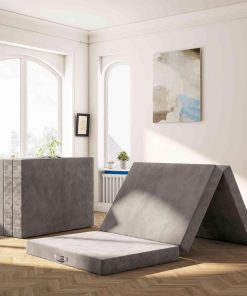 Matelas Pliable 1 Personne Adulte 75X195X10cm, Matelas d'Appoint Pliable en 3 Parties avec Housse Lavable de Sol pour Voiture, Camping, Voyage et Invités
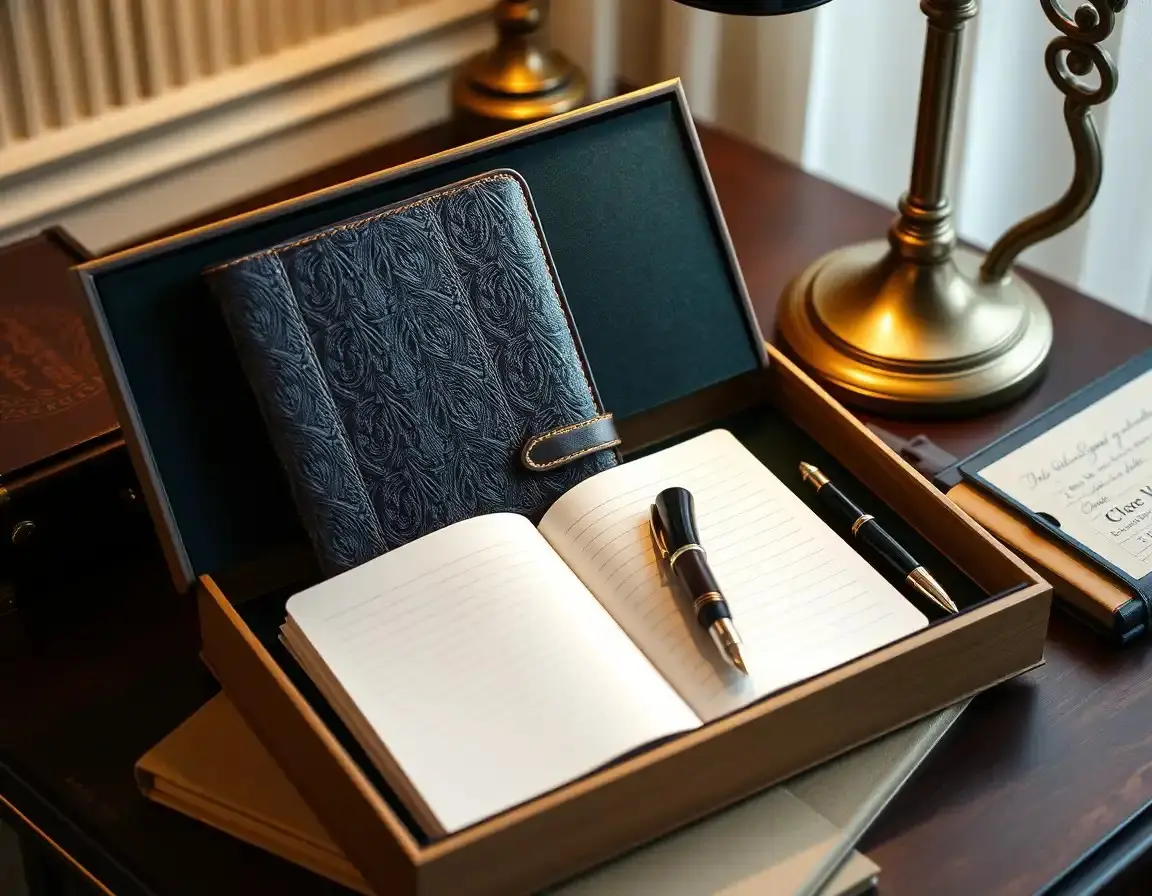Premium-Leder-Notizbuch und Füller Set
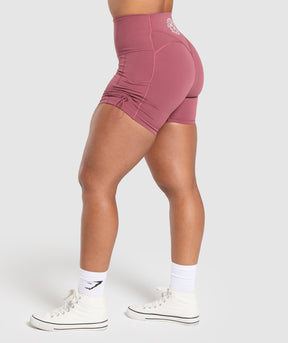Gymshark Legacy Logo Tight Shorts - Washed Berry Pink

+++

[Work to be completed]: Copy exactly, and copy nothing else: the lines from the one containing "Premium-Leder-Notizbuch und Füller Set" through the end of the data, both ends included, with pictures left out.

[Task solution]:
Premium-Leder-Notizbuch und Füller Set
Gymshark Legacy Logo Tight Shorts - Washed Berry Pink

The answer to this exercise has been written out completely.